As I should have been.
My faith, while real, is shaky at best. And the demon had been right about my being tainted. It wasn’t just that I was part vampire; I’d been marked by a demon once before.
The voice in my mind was patient, kind, and loud.
No one is perfect. But you do have faith. You hold truth dear. You hold loyalty sacred. And some days, that is enough.
The demon snarled and paced around the parts of the circle he could reach, eyes blazing with hate every time he reached the invisible boundary line created by the light. I began to think I might survive.
As I watched, the priest dipped the sprinkler into the bucket of holy water and flung a spray of liquid into the air above the circle. The drops passed through the barrier as if it weren’t there. The demon howled his defiance even while he dodged frantically, trying to avoid being hit. Drops splattered to the ground. When the water hit the being of white fire, the flames soared, turning it whole and perfect. Nearly too perfect to look at.
Again and again the priest repeated his actions, until the floor of the casting circle was covered in water and there was nowhere left for the minion of hell to hide.
As the priest raised the sprinkler one last time, the fallen angel called out. Jan’s corpse levitated up from the floor and flew into his clawed hand.
He turned to me with a chilling smile.
I will see you in your dreams, dear one. We are linked, you and I. For all eternity.
Then he was gone.
34
“I
would
like a private word with the princess.” Igor stood just inside the door to my private hospital room. It was 4:00
A.M.
but he looked as fresh as if it was the beginning of his day. He’d showered and changed clothes in the hours since I’d last seen him. Looking at him now, you’d have no clue that he’d been up all night dealing with the fallout of everything that had happened in the last twenty-four hours. His black suit was immaculate, the crease in his pants sharp enough to shave with. The white dress shirt he wore almost gleamed under the fluorescent lights.
Bruno, on the other hand, was a wreck. Slumped in the chair at my bedside, he wore the same clothes he’d thrown on in a hurry yesterday morning; his hair was rumpled and he had more than a shadow of a beard. Still, he was alert and wary as he sat up straighter in his seat.
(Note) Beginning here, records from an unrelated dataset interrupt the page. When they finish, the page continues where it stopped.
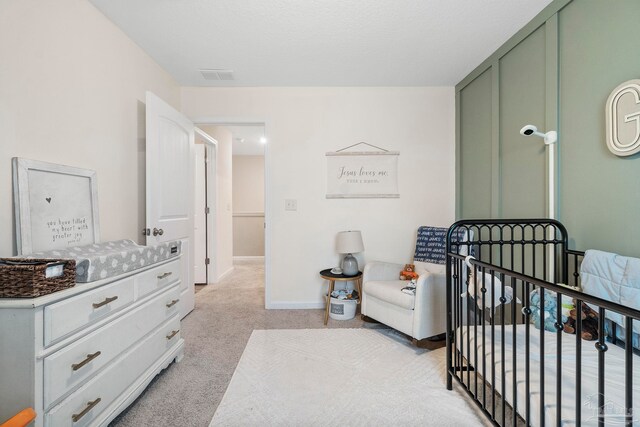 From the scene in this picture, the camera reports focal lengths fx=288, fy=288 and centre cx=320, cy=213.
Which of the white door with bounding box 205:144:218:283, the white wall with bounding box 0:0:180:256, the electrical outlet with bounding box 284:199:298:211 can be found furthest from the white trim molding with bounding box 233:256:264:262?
the white wall with bounding box 0:0:180:256

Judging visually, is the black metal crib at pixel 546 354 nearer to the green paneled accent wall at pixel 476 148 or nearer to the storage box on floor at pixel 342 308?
the green paneled accent wall at pixel 476 148

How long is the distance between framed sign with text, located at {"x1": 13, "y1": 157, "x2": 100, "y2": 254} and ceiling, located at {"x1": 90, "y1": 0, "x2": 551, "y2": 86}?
3.68 feet

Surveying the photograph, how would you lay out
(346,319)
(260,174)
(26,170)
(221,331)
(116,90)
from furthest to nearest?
(260,174), (346,319), (221,331), (116,90), (26,170)

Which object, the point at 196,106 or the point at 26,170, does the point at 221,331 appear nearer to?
the point at 26,170

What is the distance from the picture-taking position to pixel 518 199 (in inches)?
83.3

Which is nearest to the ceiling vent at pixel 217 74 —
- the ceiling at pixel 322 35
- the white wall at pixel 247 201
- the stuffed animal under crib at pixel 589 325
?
the ceiling at pixel 322 35

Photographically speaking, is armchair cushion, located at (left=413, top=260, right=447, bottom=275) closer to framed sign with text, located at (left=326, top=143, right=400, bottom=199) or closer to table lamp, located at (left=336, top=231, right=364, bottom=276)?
table lamp, located at (left=336, top=231, right=364, bottom=276)

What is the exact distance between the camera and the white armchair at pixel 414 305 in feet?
6.73

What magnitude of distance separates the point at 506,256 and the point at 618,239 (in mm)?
830

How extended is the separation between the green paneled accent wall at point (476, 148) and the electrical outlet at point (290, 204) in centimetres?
168

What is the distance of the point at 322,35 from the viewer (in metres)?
2.06

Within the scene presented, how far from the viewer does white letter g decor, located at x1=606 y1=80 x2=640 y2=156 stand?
1.31 metres

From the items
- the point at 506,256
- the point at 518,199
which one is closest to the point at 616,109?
the point at 518,199

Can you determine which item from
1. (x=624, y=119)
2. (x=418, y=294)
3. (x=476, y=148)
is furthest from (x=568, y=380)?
(x=476, y=148) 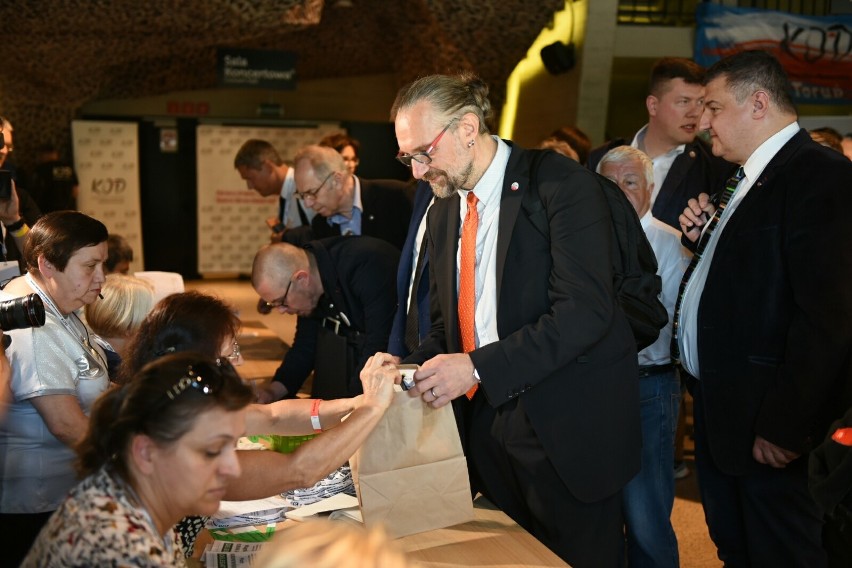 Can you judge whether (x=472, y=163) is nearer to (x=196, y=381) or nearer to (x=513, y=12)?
(x=196, y=381)

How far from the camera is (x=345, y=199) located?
4559 mm

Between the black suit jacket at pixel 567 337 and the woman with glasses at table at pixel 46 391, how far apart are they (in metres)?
1.12

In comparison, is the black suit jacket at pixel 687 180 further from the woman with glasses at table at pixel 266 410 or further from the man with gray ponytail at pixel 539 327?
the woman with glasses at table at pixel 266 410

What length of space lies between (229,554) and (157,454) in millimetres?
560

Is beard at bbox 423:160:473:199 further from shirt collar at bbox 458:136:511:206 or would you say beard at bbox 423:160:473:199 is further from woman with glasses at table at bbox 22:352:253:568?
woman with glasses at table at bbox 22:352:253:568

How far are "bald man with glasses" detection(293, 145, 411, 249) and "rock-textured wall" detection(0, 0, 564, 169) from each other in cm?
358

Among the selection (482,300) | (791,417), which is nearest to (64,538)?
(482,300)

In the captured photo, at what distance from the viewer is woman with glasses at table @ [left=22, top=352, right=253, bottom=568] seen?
139 cm

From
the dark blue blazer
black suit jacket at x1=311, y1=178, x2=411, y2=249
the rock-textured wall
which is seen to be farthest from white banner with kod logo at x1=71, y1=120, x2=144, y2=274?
the dark blue blazer

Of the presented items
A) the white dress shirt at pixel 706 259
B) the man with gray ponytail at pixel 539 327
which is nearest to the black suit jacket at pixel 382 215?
the white dress shirt at pixel 706 259

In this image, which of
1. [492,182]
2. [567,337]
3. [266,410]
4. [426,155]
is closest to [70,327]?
[266,410]

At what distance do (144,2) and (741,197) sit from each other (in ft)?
25.4

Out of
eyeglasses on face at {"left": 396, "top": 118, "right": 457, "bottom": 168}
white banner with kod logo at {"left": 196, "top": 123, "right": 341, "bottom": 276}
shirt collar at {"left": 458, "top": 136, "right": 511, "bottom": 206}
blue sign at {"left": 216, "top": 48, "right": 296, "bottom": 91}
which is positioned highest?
blue sign at {"left": 216, "top": 48, "right": 296, "bottom": 91}

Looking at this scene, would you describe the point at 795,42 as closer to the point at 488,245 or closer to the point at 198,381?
the point at 488,245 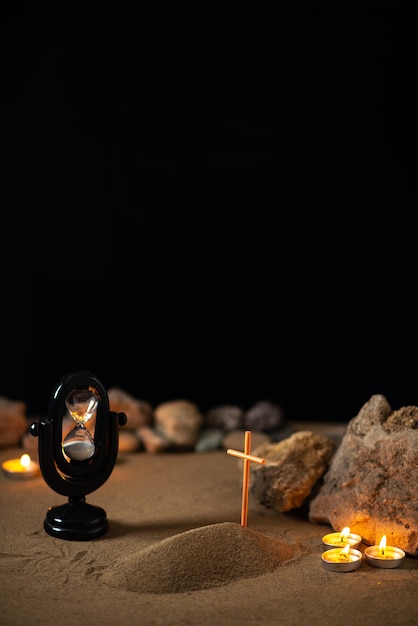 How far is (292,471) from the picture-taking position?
14.2 feet

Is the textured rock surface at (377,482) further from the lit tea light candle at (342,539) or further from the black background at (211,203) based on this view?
the black background at (211,203)

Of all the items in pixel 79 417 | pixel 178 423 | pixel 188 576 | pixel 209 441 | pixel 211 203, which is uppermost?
pixel 211 203

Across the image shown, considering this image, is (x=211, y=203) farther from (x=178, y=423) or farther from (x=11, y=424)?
(x=11, y=424)

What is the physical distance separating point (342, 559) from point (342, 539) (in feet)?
0.57

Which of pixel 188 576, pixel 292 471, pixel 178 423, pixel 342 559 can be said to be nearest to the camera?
pixel 188 576

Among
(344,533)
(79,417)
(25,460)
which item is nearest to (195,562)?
(344,533)

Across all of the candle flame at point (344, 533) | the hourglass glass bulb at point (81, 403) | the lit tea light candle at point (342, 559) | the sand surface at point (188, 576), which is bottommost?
the sand surface at point (188, 576)

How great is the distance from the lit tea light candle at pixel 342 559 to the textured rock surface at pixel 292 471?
592 millimetres

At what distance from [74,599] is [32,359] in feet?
10.9

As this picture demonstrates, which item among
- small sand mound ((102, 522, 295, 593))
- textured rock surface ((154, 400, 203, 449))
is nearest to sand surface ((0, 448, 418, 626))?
small sand mound ((102, 522, 295, 593))

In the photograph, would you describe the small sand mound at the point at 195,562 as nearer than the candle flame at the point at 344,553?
Yes

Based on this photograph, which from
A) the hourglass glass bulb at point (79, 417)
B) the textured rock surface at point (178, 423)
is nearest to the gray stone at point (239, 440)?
the textured rock surface at point (178, 423)

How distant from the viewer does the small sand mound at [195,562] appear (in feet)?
11.0

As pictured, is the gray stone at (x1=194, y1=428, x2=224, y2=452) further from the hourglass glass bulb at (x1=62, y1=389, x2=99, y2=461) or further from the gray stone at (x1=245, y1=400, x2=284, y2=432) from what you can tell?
the hourglass glass bulb at (x1=62, y1=389, x2=99, y2=461) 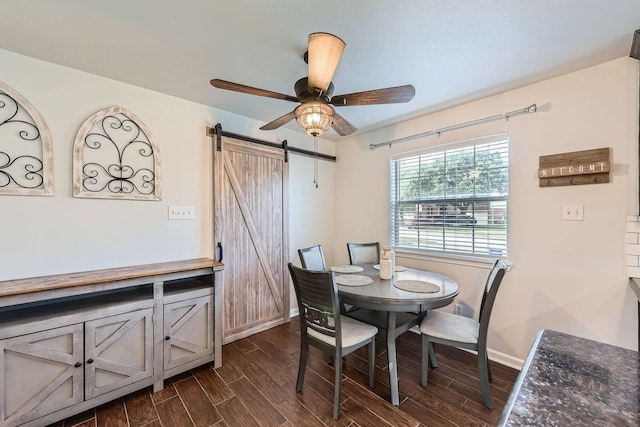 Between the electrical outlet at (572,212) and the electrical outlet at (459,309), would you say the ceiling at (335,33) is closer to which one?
the electrical outlet at (572,212)

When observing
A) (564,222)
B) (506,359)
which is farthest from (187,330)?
(564,222)

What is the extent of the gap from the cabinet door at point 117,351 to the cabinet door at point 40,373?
6 centimetres

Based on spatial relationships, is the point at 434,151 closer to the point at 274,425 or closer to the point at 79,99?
the point at 274,425

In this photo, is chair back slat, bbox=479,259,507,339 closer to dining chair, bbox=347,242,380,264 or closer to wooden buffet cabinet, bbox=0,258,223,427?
dining chair, bbox=347,242,380,264

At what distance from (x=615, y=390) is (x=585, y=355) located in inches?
6.7

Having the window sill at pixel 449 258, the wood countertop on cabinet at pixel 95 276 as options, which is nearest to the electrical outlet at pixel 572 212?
the window sill at pixel 449 258

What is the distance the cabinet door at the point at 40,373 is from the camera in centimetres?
152

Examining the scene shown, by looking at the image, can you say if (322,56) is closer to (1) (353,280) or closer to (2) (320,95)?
(2) (320,95)

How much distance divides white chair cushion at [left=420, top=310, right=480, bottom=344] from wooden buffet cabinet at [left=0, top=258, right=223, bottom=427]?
178 centimetres

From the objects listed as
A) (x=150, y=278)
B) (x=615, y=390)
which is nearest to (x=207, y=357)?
(x=150, y=278)

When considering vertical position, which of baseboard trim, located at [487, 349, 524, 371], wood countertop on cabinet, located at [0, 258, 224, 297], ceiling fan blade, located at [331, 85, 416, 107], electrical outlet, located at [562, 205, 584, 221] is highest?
ceiling fan blade, located at [331, 85, 416, 107]

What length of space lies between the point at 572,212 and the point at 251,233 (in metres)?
2.95

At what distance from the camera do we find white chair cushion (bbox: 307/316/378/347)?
1.84 m

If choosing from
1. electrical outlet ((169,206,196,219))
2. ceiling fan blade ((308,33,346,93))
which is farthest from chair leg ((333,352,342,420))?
electrical outlet ((169,206,196,219)) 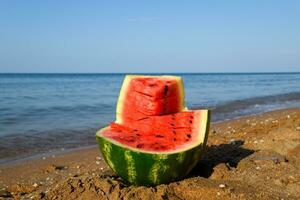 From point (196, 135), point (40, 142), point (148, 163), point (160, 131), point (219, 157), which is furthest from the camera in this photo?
point (40, 142)

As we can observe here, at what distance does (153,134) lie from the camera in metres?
4.48

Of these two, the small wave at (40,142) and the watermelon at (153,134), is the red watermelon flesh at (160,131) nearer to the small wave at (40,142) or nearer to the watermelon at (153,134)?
the watermelon at (153,134)

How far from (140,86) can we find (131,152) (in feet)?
3.02

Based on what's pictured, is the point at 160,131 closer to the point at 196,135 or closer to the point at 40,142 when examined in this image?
the point at 196,135

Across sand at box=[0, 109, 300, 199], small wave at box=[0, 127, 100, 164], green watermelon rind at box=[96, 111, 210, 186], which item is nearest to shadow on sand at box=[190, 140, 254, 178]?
sand at box=[0, 109, 300, 199]

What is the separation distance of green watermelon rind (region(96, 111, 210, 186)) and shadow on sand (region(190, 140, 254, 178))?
15.8 inches

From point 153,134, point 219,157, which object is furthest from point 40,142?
point 153,134

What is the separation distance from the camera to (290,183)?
4.30 metres

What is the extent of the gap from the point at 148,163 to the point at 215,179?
2.76ft

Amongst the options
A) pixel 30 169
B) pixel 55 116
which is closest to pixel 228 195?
pixel 30 169

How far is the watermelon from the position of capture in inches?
158

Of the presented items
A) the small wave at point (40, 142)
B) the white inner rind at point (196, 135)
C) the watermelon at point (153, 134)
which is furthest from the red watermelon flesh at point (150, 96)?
the small wave at point (40, 142)

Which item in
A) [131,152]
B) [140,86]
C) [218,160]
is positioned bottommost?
[218,160]

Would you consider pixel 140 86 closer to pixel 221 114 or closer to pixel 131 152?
pixel 131 152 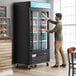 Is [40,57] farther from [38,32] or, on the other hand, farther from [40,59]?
[38,32]

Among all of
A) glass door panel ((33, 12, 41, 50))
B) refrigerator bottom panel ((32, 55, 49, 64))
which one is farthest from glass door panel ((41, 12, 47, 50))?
refrigerator bottom panel ((32, 55, 49, 64))

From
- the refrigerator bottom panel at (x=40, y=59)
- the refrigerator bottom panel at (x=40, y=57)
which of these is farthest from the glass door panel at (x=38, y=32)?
the refrigerator bottom panel at (x=40, y=59)

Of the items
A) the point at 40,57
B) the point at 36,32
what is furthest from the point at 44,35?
the point at 40,57

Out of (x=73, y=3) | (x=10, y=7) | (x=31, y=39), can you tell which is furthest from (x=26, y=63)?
(x=73, y=3)

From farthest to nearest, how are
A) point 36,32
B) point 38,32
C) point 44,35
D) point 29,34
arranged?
point 44,35, point 38,32, point 36,32, point 29,34

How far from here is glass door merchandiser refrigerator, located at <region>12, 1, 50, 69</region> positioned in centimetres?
745

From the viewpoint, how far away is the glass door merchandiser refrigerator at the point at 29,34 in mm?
7449

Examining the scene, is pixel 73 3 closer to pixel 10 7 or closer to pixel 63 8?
pixel 63 8

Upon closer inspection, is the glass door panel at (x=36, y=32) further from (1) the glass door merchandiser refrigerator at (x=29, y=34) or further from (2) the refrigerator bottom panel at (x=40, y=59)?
(2) the refrigerator bottom panel at (x=40, y=59)

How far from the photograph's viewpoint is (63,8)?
9.46 meters

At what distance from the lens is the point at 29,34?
24.4 feet

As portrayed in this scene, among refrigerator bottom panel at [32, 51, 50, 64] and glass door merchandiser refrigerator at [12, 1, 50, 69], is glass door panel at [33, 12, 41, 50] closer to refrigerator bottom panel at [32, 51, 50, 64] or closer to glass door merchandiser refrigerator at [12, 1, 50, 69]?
glass door merchandiser refrigerator at [12, 1, 50, 69]

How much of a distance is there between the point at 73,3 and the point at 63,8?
1.58ft

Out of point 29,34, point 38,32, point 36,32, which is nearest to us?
point 29,34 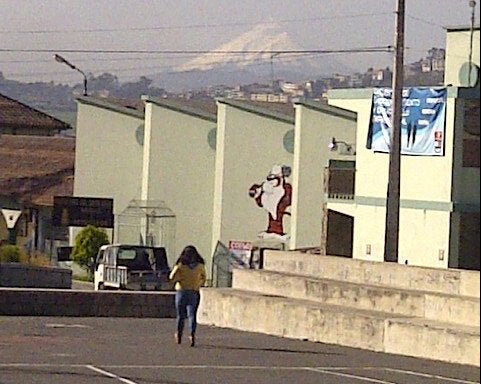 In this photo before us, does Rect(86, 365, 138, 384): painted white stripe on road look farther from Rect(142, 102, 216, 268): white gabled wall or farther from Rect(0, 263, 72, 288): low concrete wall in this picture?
Rect(142, 102, 216, 268): white gabled wall

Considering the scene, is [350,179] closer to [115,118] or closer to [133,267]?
[133,267]

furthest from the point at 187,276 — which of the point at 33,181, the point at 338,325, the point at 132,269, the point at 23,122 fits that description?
the point at 23,122

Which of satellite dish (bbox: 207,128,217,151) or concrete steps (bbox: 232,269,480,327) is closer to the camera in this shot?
concrete steps (bbox: 232,269,480,327)

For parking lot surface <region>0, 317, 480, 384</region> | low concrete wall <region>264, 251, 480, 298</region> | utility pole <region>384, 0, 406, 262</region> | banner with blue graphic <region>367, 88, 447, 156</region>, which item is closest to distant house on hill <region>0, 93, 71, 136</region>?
banner with blue graphic <region>367, 88, 447, 156</region>

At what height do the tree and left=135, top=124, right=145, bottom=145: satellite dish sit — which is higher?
left=135, top=124, right=145, bottom=145: satellite dish

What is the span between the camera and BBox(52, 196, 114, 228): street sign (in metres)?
57.5

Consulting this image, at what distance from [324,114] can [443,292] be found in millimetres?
28700

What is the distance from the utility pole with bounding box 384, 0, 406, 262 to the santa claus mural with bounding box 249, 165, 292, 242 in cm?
2277

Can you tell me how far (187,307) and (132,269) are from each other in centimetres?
2091

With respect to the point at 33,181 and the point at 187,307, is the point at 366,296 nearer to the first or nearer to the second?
the point at 187,307

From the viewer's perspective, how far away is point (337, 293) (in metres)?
23.7

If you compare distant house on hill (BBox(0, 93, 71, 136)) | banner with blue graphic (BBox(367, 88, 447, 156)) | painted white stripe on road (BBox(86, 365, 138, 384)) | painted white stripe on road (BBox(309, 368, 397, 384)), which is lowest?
painted white stripe on road (BBox(86, 365, 138, 384))

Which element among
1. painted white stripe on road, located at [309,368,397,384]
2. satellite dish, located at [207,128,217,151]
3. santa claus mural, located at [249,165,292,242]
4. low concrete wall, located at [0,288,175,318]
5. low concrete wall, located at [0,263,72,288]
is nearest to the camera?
painted white stripe on road, located at [309,368,397,384]

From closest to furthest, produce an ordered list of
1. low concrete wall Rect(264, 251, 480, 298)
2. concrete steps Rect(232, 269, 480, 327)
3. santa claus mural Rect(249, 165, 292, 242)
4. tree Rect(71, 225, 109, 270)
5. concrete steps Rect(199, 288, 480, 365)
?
concrete steps Rect(199, 288, 480, 365) → concrete steps Rect(232, 269, 480, 327) → low concrete wall Rect(264, 251, 480, 298) → santa claus mural Rect(249, 165, 292, 242) → tree Rect(71, 225, 109, 270) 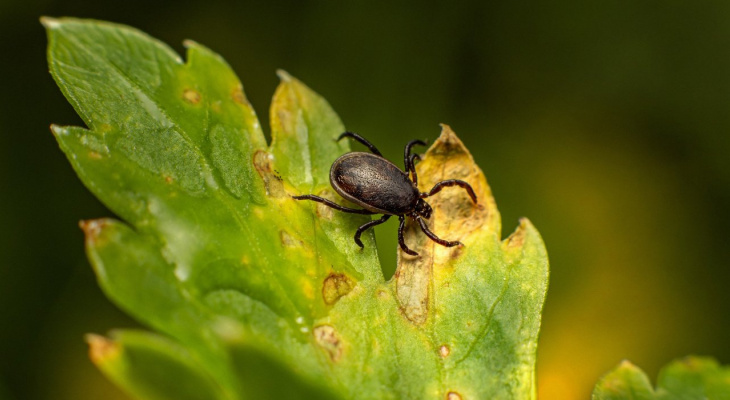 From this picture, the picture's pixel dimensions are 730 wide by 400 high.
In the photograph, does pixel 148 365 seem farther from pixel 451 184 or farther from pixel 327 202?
pixel 451 184

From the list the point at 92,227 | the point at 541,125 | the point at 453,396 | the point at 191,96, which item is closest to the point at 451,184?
the point at 453,396

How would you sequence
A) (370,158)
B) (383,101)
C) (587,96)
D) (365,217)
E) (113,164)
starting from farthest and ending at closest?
(587,96)
(383,101)
(370,158)
(365,217)
(113,164)

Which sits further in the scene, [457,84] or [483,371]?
[457,84]

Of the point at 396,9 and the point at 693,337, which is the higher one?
the point at 396,9

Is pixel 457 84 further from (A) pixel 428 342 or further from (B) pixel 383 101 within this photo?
(A) pixel 428 342

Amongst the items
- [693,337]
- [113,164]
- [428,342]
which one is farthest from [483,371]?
[693,337]

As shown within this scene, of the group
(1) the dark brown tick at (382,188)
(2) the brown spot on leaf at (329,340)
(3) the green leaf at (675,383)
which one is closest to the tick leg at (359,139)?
(1) the dark brown tick at (382,188)

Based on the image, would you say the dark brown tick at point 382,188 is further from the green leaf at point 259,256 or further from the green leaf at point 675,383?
the green leaf at point 675,383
The look he gave me said as clearly as words that he didn’t think I was up to this.
He might have been right.
I am a fairly tough cookie, but everybody has a limit, and I was coming perilously close to mine. It wasn’t the violence, or even the demon—although I wondered if I’d ever relax enough to sleep soundly again. No, it was the memories. The things I’d seen in Mexico had cracked the protective magical shield that had blunted my memories of Ivy’s death and my torture. Seeing what had happened to Okalani had shattered that barrier entirely.
I remembered every cigarette burn, every cut, the threats and the terror. But most of all, I remembered my sheer helplessness as I watched my sister die a hideously gruesome death because she couldn’t control the ghouls her talent had raised. Each memory was as vivid, as raw, as the day it had happened.
I looked at Igor, who was standing silent and patient, then took a deep breath and shoved the memories into a box in my mind. I slammed down the lid and hoped it would hold. “I’ll be fine,” I said to Bruno. “Let us talk.”